Untangling STK40-MAPK interactions in endothelial and cancer cell migration

Abstract

Cell migration is important for embryonic development, tissue regeneration and cancer metastasis. Recent research identified cell migration-related genes, but how they crosstalk with each other remains unclear. To resolve this mystery, we conducted a "two-hit" cell migration screen using short hairpin RNA (shRNA) and small molecules inhibitors. The screen identified an interaction between MAPK signalling and STK40, a putative serine/threonine kinase. Suppression of both MAPK and STK40 synergistically blocked HUVEC cell migration, causing "synthetic immobility." Interestingly, previous literature reports showed that STK40 knockdown disrupted cell-cell interactions during cell migration, and that STK40 might affect cell differentiation through MAPK signalling. However, how STK40 regulates cell migration and how STK40 interacts with MAPK signalling are still unknown. We thus aim at elucidating the molecular mechanisms of STK40 and MAPK signalling during cell migration.

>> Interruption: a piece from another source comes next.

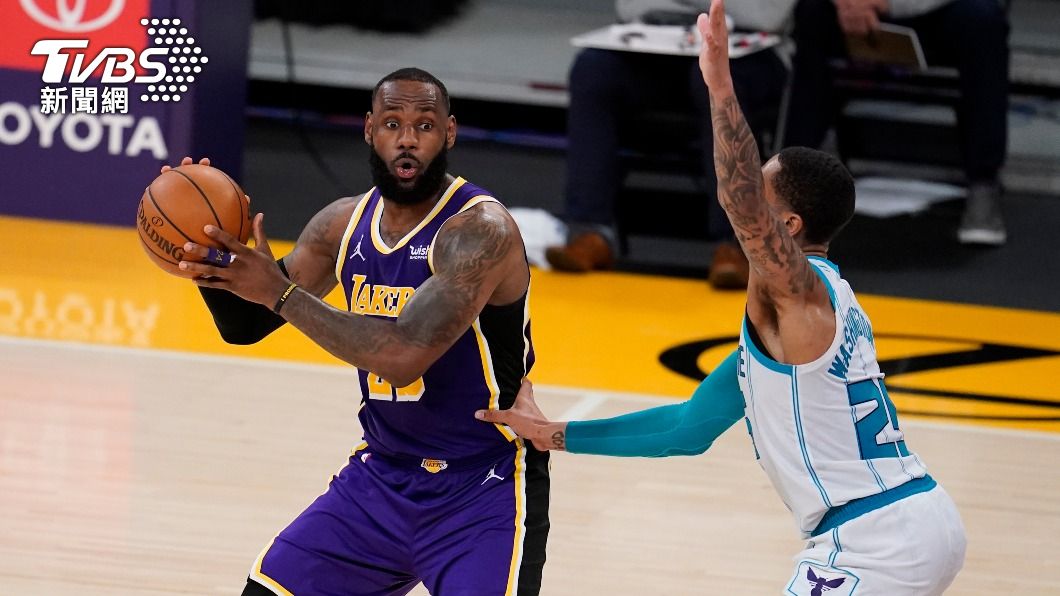 NBA詹姆斯技壓球三弟　率湖人擊敗黃蜂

We started our exploration by tracing the migration of individual STK40-manipulated cells in monolayers or in scratch-wound healing assays. Interestingly, STK40 knockdown reduced the motility and cell-cell coordination in both cancer cells SAS and endothelial cells HUVEC, while STK40 over-expression caused opposite results. We further investigate how STK40 manipulated cell migration machinery, by inhibiting both STK40 and one of the actin-modulating molecules: alpha-catenin, Rac1, paxillin and myosin-light chain kinase. To our surprise, blocking Rac1 or paxillin completely eliminated STK40 effects on cell migration, indicating that STK40 modulated actin and focal adhesion dynamics. Such STK40-altered cytoskeletons might synergize with MAPK signalling to change cell motility and cell-cell interactions. We are currently working on their underlying mechanisms, with the ultimate goal to develop novel therapeutics targeting cell migration-related processes including wound healing, tissue repair, angiogenesis and cancer metastasis.